**Dataset excerpts:**
· · ·
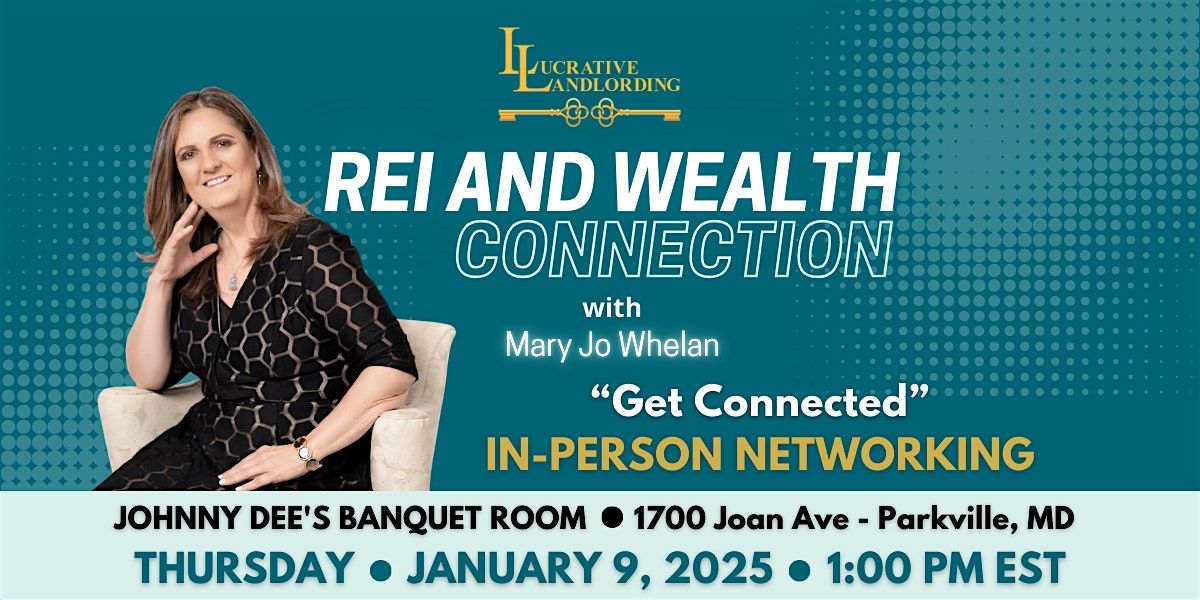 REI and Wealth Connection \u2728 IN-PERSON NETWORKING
· · ·
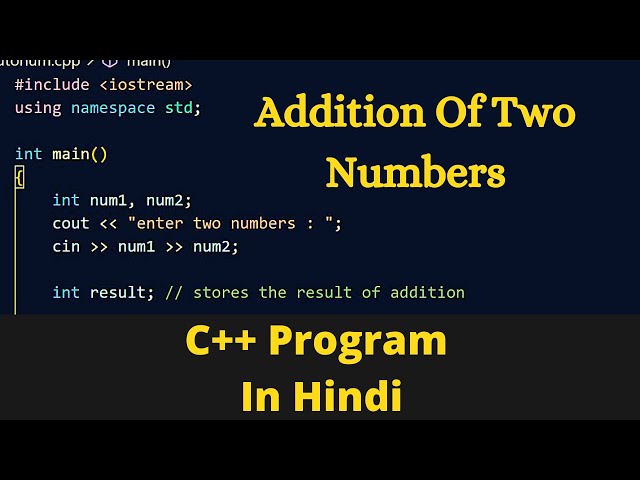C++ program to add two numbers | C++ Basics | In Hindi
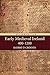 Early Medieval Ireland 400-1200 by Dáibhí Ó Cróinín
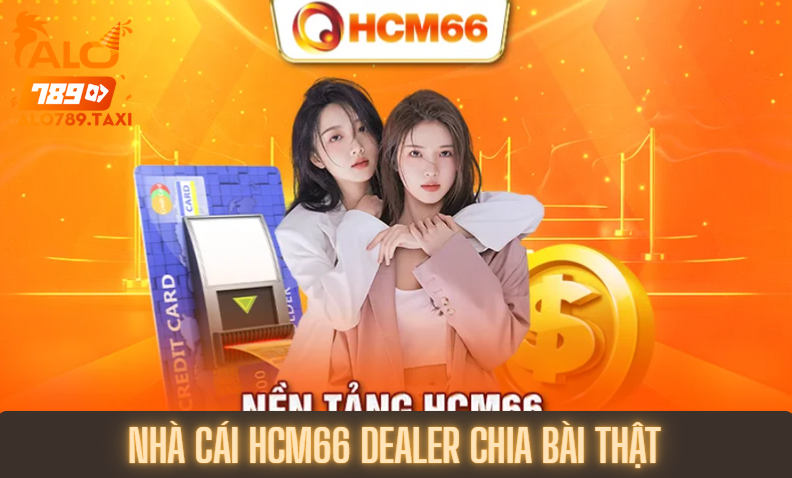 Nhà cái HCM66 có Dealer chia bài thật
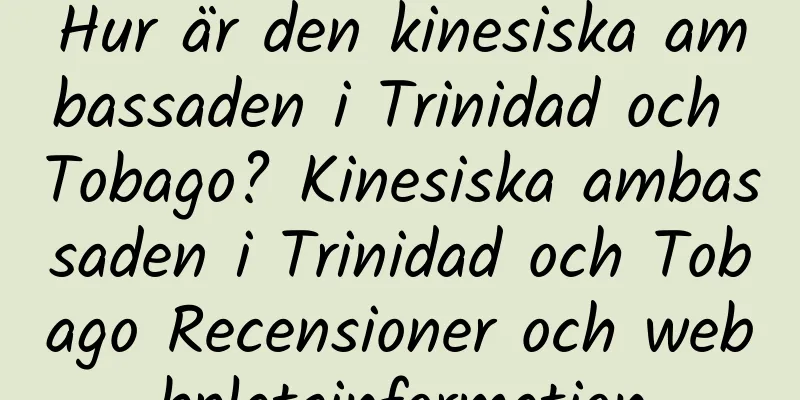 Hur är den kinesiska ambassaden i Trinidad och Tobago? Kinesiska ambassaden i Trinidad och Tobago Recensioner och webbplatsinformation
· · ·
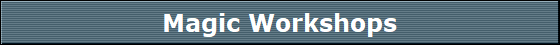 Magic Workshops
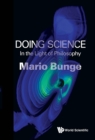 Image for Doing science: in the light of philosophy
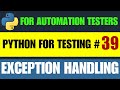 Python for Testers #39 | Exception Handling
· · ·
**To do:** All that should appear in the answer is the lines above from the line with "C++ program to" through the line with "Nhà cái HCM66 có Dealer chia bài thật", retyped exactly, pictures left out.

**Result:**
C++ program to add two numbers | C++ Basics | In Hindi
 Early Medieval Ireland 400-1200 by Dáibhí Ó Cróinín
 Nhà cái HCM66 có Dealer chia bài thật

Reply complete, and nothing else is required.